Mais si la plupart des Montréalais ont fini par s’habituer au jetage des produits alimentaires, les Africains quant à eux, parlent de «gaspillage».

La nourriture, c’est sacré

«Vous me voyez jeter de la nourriture ? Interroge, dubitatif, Oumarou, citoyen canadien d’origine nigérienne. Au Niger, c’est un crime. Si  pour les Occidentaux, la nourriture relève simplement du fruit de travail, pour les Africains, il s’agit d’un cadeau, d’un don de Dieu ». Selon lui, la crise alimentaire qui a récemment secoué son pays n’aurait jamais pu se développer à ce point si une toute petite partie des invendus alimentaires jetés au Canada, était parvenue à ses compatriotes. Rodolphe, un résident permanant d’origine camerounaise, précise : « La nourriture relève de l’ordre du sacré dans les sociétés africaines. Dans certaines communautés, il y a tout un cérémonial autour de la nourriture. On invoque les ancêtres et on les invite au repas. Jeter de la nourriture, c’est provoquer la colère des ancêtres et des dieux». Sur un ton accusateur, Elom, étudiant togolais à l’Université de Montréal, ajoute :  «Dans une société où l’on produit plus qu’il n’en faut, on assiste toujours à la mauvaise gestion du surplus et plus cruellement à l’oubli des plus pauvres. Pourtant au Canada, il n’y a pas que des riches !». 
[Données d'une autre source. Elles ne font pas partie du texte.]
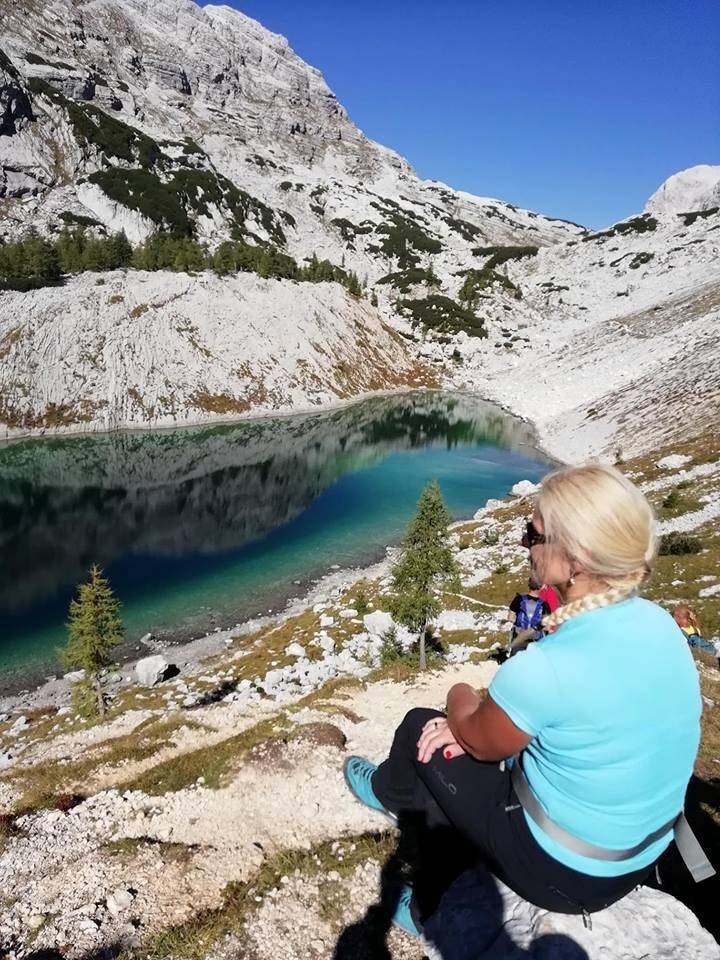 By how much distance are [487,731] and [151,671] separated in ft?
95.9

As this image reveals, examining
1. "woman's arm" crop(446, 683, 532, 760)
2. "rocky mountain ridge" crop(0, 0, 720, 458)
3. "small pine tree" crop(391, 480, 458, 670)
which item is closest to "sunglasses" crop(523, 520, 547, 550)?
"woman's arm" crop(446, 683, 532, 760)

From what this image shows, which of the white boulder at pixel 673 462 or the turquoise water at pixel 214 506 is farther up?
the white boulder at pixel 673 462

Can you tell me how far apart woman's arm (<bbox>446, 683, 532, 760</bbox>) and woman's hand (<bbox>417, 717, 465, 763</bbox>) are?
30.0 inches

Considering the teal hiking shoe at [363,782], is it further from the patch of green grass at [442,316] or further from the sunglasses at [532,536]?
the patch of green grass at [442,316]

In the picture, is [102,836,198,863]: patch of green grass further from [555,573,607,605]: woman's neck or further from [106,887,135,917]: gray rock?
[555,573,607,605]: woman's neck

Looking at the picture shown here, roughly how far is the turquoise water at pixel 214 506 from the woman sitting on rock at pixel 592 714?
33774 millimetres

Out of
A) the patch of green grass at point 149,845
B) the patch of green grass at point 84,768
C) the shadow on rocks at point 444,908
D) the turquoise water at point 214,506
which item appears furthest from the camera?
the turquoise water at point 214,506

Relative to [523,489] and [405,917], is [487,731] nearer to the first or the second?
[405,917]

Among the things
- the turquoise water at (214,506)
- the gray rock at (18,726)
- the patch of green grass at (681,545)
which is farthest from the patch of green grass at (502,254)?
the gray rock at (18,726)

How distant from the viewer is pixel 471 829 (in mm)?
4719

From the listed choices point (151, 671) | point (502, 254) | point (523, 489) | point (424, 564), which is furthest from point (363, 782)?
point (502, 254)

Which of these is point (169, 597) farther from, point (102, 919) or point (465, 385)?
point (465, 385)

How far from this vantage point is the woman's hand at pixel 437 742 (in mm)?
4887

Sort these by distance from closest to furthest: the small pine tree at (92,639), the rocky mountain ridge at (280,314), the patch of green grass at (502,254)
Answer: the small pine tree at (92,639) → the rocky mountain ridge at (280,314) → the patch of green grass at (502,254) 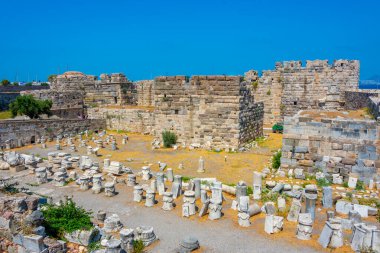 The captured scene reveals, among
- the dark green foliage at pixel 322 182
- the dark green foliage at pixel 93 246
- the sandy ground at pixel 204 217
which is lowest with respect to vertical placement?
the dark green foliage at pixel 93 246

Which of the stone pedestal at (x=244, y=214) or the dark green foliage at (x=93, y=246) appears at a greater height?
the stone pedestal at (x=244, y=214)

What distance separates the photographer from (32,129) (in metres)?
19.4

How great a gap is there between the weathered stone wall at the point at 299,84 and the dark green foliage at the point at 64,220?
16.9 meters

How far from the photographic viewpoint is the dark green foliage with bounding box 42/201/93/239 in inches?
294

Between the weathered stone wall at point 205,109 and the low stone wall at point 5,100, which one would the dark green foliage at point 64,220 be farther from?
the low stone wall at point 5,100

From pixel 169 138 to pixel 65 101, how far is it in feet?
43.0

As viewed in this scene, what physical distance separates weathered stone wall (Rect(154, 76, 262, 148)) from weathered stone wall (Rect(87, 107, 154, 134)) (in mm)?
4414

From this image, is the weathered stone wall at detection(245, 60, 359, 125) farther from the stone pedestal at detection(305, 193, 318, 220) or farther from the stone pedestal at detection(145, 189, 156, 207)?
the stone pedestal at detection(145, 189, 156, 207)

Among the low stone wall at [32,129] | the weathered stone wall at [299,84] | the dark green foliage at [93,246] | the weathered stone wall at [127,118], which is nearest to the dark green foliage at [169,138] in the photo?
the weathered stone wall at [127,118]

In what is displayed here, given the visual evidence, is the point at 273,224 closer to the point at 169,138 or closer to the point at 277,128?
the point at 169,138

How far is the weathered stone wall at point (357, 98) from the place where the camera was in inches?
719

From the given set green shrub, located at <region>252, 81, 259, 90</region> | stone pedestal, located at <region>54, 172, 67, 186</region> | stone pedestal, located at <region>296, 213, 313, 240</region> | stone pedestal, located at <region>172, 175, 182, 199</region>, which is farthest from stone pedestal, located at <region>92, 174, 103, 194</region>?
green shrub, located at <region>252, 81, 259, 90</region>

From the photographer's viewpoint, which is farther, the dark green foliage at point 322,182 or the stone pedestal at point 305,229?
the dark green foliage at point 322,182

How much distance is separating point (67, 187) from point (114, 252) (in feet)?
18.0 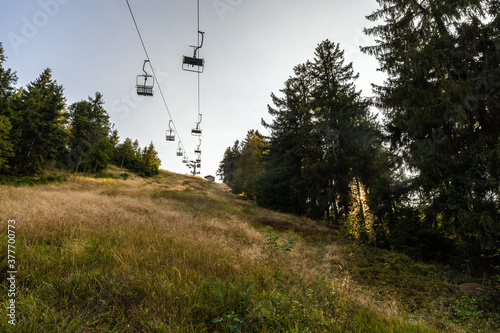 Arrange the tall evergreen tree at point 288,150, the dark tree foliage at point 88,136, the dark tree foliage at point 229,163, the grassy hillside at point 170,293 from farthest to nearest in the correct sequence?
1. the dark tree foliage at point 229,163
2. the dark tree foliage at point 88,136
3. the tall evergreen tree at point 288,150
4. the grassy hillside at point 170,293

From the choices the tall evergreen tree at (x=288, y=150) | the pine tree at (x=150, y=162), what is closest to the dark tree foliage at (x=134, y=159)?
the pine tree at (x=150, y=162)

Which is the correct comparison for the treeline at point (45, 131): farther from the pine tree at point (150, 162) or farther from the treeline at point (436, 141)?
the treeline at point (436, 141)

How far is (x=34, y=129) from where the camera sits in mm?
24047

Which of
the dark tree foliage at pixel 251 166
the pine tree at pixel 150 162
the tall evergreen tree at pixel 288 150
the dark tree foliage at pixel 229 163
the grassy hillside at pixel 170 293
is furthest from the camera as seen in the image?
the dark tree foliage at pixel 229 163

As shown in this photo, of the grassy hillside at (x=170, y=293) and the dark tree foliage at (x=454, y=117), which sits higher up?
the dark tree foliage at (x=454, y=117)

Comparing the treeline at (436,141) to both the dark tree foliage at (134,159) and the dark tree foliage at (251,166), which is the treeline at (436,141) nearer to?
the dark tree foliage at (251,166)

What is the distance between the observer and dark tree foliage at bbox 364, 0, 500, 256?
6.59 m

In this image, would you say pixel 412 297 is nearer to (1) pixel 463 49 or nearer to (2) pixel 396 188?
(2) pixel 396 188

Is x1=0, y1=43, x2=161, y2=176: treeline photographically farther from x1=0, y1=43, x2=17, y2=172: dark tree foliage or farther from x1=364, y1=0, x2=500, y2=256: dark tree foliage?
x1=364, y1=0, x2=500, y2=256: dark tree foliage

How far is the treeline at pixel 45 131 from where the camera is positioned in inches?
892

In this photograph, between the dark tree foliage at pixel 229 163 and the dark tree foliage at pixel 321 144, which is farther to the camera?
the dark tree foliage at pixel 229 163

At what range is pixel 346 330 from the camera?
2.36 metres

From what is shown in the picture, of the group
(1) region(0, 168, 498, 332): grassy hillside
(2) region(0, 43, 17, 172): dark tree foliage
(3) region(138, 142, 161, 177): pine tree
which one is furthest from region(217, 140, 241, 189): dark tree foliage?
(1) region(0, 168, 498, 332): grassy hillside

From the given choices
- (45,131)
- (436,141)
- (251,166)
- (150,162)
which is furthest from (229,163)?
(436,141) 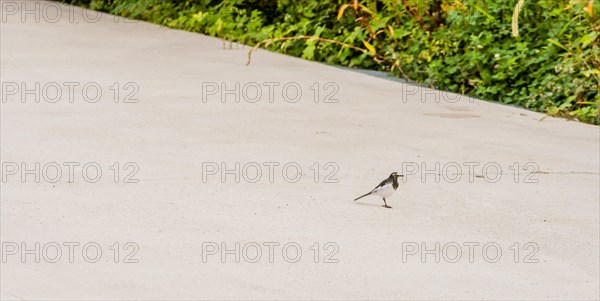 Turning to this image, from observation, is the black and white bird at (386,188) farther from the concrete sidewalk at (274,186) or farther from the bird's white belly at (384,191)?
the concrete sidewalk at (274,186)

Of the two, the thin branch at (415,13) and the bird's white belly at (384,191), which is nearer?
the bird's white belly at (384,191)

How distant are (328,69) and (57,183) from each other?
440 cm

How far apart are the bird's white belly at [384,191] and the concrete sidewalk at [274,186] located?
12 cm

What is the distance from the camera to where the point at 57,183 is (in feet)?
23.9

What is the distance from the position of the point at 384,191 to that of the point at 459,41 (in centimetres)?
401

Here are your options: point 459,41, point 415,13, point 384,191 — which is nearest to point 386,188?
point 384,191

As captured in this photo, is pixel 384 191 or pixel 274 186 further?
pixel 274 186

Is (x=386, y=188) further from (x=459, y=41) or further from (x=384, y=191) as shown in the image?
(x=459, y=41)

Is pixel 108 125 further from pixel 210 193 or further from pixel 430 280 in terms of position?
pixel 430 280

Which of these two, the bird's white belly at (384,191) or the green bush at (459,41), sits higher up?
the green bush at (459,41)

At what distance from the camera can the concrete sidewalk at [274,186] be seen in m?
5.82

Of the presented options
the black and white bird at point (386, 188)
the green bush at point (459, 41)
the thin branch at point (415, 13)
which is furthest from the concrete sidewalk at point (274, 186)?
the thin branch at point (415, 13)

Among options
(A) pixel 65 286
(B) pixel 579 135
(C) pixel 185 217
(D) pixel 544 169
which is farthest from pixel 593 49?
(A) pixel 65 286

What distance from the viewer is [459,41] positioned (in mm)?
10664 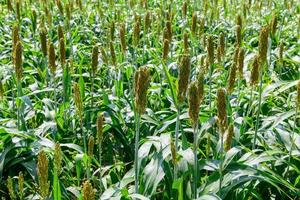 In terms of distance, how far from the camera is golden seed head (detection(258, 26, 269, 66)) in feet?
7.86

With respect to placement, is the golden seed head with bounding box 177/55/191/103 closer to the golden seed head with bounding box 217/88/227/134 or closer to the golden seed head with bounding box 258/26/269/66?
the golden seed head with bounding box 217/88/227/134

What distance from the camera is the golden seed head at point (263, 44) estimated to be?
2397 mm

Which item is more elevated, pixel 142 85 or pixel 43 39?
pixel 142 85

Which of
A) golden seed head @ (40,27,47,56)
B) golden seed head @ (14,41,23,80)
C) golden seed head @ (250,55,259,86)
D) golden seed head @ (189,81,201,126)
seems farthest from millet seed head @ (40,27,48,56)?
golden seed head @ (189,81,201,126)

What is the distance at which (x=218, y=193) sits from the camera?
228 cm

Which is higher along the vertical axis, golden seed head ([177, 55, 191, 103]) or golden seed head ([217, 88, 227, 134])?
golden seed head ([177, 55, 191, 103])

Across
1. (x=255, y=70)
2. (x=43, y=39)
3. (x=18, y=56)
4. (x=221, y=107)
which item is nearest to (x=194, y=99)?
(x=221, y=107)

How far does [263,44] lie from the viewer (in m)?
2.44

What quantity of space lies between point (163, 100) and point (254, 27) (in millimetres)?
3070

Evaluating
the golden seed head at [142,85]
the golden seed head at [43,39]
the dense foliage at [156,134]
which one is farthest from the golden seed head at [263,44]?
the golden seed head at [43,39]

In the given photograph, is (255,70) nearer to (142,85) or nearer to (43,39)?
(142,85)

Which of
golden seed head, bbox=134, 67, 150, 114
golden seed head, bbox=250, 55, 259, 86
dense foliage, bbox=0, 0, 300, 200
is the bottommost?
dense foliage, bbox=0, 0, 300, 200

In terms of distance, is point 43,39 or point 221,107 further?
point 43,39

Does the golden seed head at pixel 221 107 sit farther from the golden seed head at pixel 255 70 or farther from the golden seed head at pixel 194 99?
the golden seed head at pixel 255 70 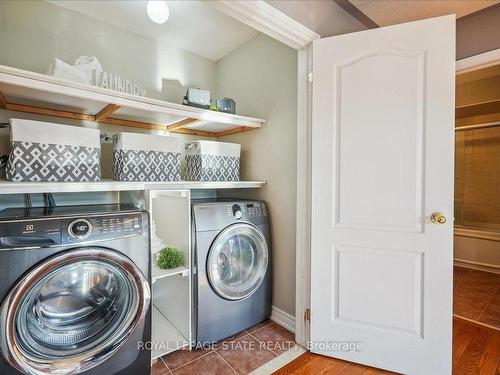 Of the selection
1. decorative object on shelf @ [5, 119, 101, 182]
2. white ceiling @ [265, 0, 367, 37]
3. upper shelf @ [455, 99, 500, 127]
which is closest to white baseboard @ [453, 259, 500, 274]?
upper shelf @ [455, 99, 500, 127]

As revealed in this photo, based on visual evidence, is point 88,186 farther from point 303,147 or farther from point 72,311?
point 303,147

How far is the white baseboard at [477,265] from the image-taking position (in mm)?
3086

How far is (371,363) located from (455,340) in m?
0.78

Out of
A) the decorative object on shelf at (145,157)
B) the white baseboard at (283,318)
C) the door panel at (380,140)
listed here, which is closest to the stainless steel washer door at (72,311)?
the decorative object on shelf at (145,157)

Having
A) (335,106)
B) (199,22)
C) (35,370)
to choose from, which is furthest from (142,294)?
(199,22)

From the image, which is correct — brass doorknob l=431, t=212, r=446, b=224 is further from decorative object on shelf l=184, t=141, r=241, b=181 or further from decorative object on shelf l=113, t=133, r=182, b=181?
decorative object on shelf l=113, t=133, r=182, b=181

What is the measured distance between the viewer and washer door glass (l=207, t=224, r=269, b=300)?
1750 millimetres

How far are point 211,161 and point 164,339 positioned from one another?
4.23ft

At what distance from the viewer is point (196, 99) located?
1870 mm

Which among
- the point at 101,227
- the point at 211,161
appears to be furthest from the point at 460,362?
the point at 101,227

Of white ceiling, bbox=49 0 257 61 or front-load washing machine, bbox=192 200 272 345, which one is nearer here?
front-load washing machine, bbox=192 200 272 345

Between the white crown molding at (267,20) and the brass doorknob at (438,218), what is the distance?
129 cm

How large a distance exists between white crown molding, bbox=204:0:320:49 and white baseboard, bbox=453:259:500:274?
11.5 feet

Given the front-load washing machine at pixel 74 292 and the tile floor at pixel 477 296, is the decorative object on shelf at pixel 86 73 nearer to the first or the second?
the front-load washing machine at pixel 74 292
Ainsi, sans gêne, certains Africains n’hésitent pas à s’approvisionner gratis dans les marchés. C’est le cas de la Congolaise Mélanie, étudiante en baccalauréat à l’Université du Québec à Montréal. Chaque semaine, elle se rend au marché Jean Talon pour remplir son gros sac à dos, des plus belles variétés de concombres, de carottes et d’autres fruits. Mais plus qu’un signe d’indigence, son action, dit-elle, participe à contenir quelque peu le gaspillage alimentaire dans le marché. «Ça m’aide aussi à réduire mes dépenses », explique-t-elle tout en ramassant les produits, indifférente aux regards des passants. Chômeur depuis 11 ans, André, un Canadien d’origine rwandaise, est aussi un habitué des lieux. «Je viens ici tous les deux jours pour me ravitailler en légumes et fruits surtout, témoigne-t-il, le regard fixé sur des cartons de produits.  C’est vraiment anormal qu’on jette tout ça !».